→ **REQUIREMENT**
Transcribe the entries below exactly, starting with the line that has "Приобрести Квартира в" and stopping after the line that has "Mercedes C 200"; no pictures belong in the copy.
[DATA SECTION — start]
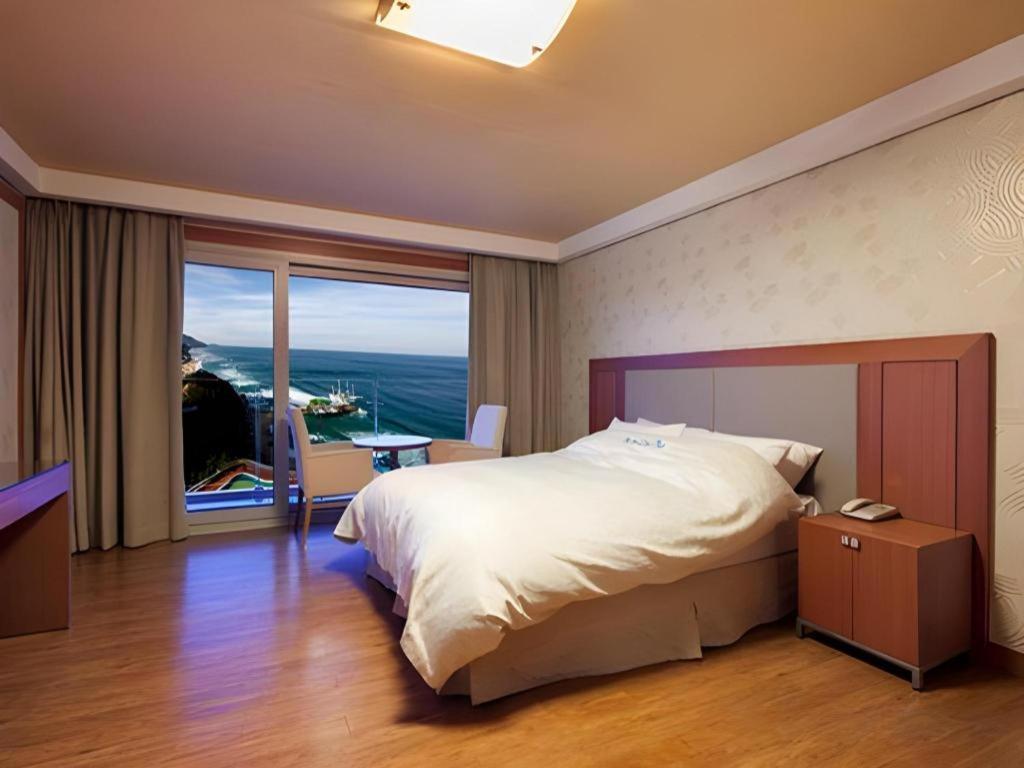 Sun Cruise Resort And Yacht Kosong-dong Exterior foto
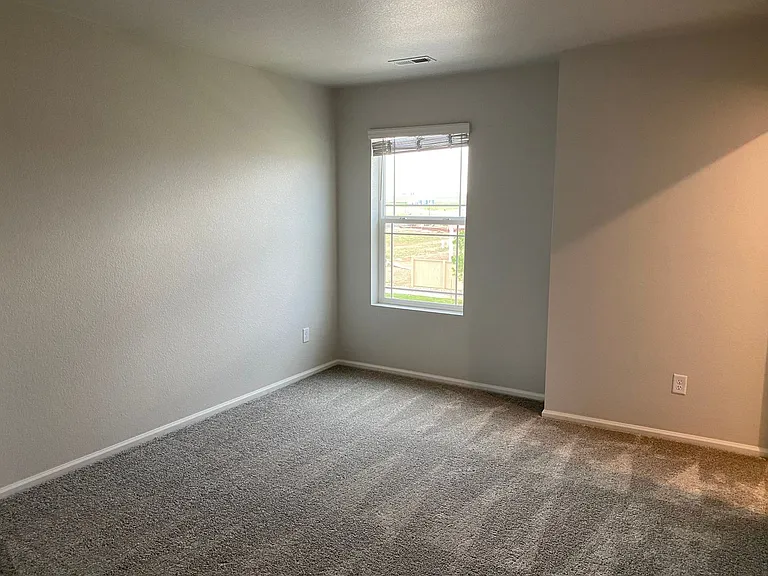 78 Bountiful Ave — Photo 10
[DATA SECTION — finish]
[DATA SECTION — start]
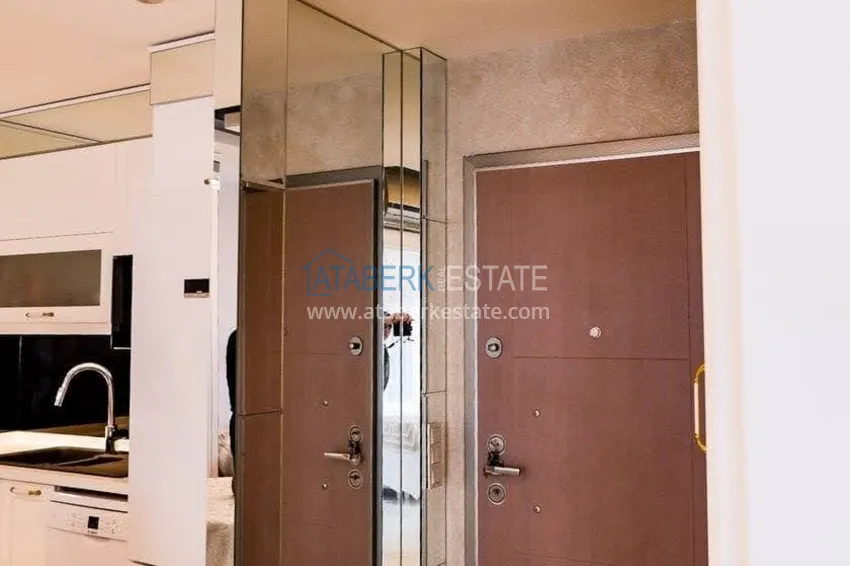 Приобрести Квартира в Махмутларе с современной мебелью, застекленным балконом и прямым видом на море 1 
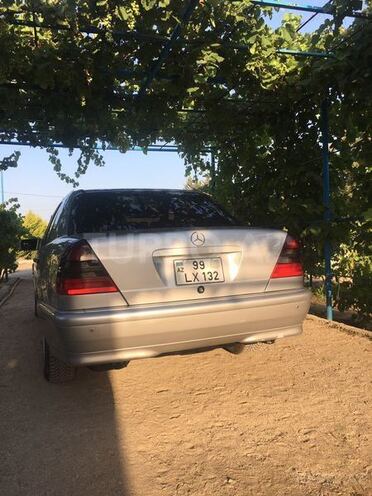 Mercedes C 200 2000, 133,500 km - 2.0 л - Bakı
[DATA SECTION — finish]
→ **WRITTEN SOLUTION**
 Приобрести Квартира в Махмутларе с современной мебелью, застекленным балконом и прямым видом на море 1 
 Mercedes C 200 2000, 133,500 km - 2.0 л - Bakı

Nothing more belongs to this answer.